---- Extracted data

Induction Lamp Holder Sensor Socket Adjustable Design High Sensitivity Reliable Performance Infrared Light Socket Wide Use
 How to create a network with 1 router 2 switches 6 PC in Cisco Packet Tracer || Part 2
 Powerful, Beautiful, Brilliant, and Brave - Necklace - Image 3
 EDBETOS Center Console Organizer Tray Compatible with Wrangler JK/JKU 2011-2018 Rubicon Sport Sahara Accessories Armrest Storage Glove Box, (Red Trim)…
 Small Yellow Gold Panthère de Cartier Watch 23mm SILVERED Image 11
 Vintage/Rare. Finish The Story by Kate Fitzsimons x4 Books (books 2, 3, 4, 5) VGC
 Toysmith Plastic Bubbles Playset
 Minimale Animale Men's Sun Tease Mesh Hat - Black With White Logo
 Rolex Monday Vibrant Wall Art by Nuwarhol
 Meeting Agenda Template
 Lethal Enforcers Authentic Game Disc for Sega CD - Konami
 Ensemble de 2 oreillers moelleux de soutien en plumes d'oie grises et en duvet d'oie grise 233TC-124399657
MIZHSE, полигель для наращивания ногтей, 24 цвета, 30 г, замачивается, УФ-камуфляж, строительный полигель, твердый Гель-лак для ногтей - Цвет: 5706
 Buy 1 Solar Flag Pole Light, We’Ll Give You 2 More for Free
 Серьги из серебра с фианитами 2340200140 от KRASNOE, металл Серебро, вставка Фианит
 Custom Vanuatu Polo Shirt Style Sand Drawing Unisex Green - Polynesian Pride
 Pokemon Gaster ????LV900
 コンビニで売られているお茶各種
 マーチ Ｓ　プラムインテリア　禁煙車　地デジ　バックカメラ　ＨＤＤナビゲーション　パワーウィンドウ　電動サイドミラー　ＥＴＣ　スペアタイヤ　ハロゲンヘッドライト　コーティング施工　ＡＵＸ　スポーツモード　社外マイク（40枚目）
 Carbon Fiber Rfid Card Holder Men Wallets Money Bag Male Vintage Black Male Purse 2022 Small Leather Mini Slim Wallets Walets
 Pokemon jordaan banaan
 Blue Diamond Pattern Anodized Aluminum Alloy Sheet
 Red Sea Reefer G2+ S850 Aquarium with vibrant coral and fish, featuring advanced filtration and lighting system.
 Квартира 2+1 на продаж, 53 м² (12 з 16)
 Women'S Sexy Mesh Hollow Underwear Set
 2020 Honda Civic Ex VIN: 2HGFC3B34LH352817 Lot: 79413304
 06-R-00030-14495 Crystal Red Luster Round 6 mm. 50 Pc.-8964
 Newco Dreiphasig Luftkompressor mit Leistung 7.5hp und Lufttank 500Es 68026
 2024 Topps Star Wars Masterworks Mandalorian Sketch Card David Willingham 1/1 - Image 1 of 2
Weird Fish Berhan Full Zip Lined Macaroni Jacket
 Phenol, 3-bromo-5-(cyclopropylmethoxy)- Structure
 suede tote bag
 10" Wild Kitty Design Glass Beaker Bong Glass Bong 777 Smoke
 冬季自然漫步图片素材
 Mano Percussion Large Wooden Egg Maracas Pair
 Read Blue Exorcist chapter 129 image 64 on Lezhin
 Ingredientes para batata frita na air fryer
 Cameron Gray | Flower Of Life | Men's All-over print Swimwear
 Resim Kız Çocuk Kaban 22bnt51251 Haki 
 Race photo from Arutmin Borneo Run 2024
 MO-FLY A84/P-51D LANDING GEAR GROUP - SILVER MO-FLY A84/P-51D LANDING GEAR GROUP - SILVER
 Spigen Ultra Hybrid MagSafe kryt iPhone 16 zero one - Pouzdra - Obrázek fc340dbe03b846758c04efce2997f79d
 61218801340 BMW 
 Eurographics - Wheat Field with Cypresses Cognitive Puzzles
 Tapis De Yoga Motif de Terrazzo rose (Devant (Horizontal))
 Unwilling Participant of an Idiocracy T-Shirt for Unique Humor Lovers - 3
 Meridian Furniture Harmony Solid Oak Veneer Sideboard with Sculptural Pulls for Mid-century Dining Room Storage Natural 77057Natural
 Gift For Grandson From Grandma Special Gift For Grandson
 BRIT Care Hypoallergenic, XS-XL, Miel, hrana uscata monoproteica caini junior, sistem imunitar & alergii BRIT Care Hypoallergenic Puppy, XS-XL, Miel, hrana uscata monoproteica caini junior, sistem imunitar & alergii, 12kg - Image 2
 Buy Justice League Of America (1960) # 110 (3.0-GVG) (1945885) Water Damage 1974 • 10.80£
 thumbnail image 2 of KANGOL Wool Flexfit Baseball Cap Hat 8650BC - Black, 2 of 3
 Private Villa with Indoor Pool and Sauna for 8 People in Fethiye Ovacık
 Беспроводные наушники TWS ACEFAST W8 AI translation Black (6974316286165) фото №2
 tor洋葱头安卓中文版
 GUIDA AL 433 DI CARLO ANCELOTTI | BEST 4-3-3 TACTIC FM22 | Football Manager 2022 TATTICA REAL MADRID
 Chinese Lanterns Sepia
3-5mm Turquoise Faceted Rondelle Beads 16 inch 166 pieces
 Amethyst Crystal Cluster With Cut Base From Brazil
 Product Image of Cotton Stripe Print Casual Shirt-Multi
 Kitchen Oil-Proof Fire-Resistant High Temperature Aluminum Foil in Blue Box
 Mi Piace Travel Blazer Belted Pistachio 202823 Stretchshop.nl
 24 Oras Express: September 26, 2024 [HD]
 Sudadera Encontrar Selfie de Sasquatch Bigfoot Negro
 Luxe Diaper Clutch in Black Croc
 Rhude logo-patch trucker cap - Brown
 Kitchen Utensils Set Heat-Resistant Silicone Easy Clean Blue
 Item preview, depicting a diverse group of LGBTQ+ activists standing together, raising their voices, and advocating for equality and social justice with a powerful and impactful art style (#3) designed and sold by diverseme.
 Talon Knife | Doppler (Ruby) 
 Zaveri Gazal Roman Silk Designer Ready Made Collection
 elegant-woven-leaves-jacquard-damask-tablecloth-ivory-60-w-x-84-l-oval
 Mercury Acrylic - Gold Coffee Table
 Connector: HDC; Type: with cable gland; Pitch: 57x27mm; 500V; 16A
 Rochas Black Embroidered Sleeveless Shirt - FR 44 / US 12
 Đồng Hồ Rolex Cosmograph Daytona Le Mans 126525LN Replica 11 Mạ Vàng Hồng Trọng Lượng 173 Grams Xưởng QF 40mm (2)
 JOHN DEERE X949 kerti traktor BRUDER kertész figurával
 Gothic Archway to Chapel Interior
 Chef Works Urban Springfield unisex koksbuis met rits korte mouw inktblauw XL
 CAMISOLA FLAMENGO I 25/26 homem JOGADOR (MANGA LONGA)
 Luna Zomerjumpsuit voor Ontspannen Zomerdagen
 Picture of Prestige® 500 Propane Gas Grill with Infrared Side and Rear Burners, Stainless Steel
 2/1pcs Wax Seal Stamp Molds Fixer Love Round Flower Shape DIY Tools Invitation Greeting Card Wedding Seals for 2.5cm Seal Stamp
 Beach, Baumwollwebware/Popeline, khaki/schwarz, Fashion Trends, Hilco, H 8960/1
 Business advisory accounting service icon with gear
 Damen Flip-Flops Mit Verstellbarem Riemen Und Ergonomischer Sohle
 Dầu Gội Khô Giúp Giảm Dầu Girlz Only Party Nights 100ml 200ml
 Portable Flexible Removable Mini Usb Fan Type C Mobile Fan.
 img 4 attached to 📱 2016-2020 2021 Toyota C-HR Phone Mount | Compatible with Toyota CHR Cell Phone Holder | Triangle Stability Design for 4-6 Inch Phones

--------

A line belongs in the answer if it contains the word "Round"; copy every such line from the data above.

 06-R-00030-14495 Crystal Red Luster Round 6 mm. 50 Pc.-8964
 2/1pcs Wax Seal Stamp Molds Fixer Love Round Flower Shape DIY Tools Invitation Greeting Card Wedding Seals for 2.5cm Seal Stamp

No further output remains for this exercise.